Low Temperature Co-Fired Ceramic System on Package for Millimeter Wave Optical Receiver and Method of Fabrication

Abstract

The present disclosure relates to a multi-layered low temperature co-fired ceramic (LTCC) system on package (SoP) for a millimeter wave optical receiver comprising a top layer, a plurality of first intermediate layers, a plurality of second intermediate layers, and a bottom layer. The top layer further comprises a matching network, passive components, and a signal line disposed on a substrate material, the plurality of first intermediate layers further comprises active amplification components, via holes and a plurality of inner grounding planes that are respectively disposed on a first plurality of LTCC substrates, the plurality of second intermediate layers further comprises a plurality of grounding planes that are respectively disposed on a second plurality of LTCC substrates; and the bottom layer further comprises a grounding plane that is disposed on the bottom surface of the second plurality of LTCC substrates. A method of fabricating the multi-layered LTCC SoP is also described.

Description

FIELD

The present disclosure generally relates to the field of low temperature co-fired ceramic (LTCC) system on packages (SoP) for millimeter wave optical receiver circuitry and its fabrication method, and more specifically, to an optical receiver operating at 60 GHz that is fabricated on a LTCC substrate for use within a remote antenna unit (RAU) for millimeter wave radio over fiber (RoF) applications.

BACKGROUND ART

Radio over fiber (RoF) applications are of growing interest in the application of high data rate wireless communication. Wireless networks based on RoF technologies are promising cost-effective solutions to meet ever increasing user bandwidth and wireless demands. To merge optical and radio frequency (RF) function in one circuit environment, low temperature co-fired ceramic (LTCC) technology has shown great potential due to its ability to enable three-dimensional integration and interconnection as well as packaging of active and passive RF components up to millimeter wave frequencies.
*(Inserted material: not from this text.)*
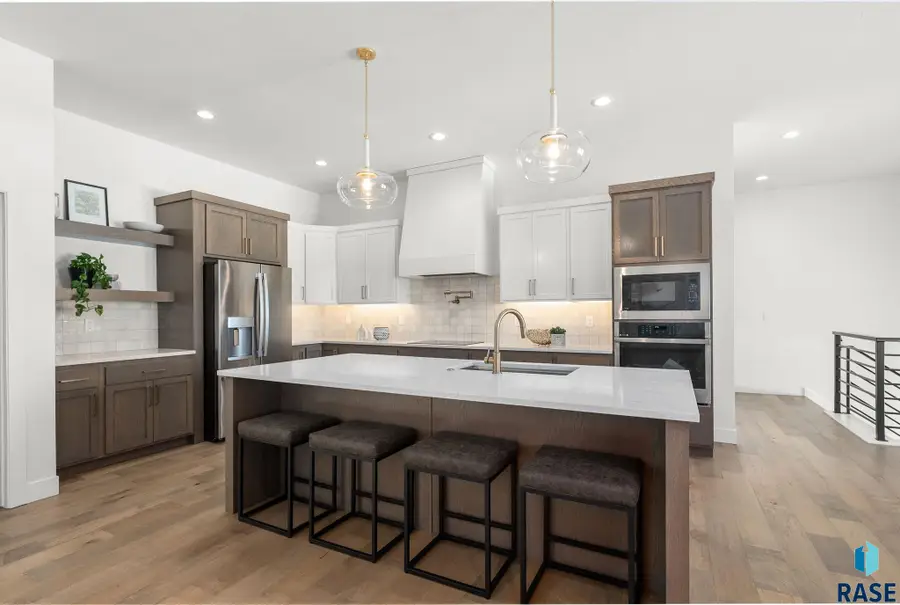 7400 E Shadow Pine Cir, Sioux Falls, SD 57110 - Image #2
LTCC has been proposed to be used as substrates for the fabrication of monolithic integrated circuits. The advantages of using LTCC as substrates for the fabrication of monolithic integrated circuits include a low dielectric constant and low circuit resistance. LTCC technology has become an attractive material system for innovative designs due to multilayer fabrication capabilities, low loss transmission lines, miniaturization, and high quality factor passive devices for microwave and millimeter wave circuits.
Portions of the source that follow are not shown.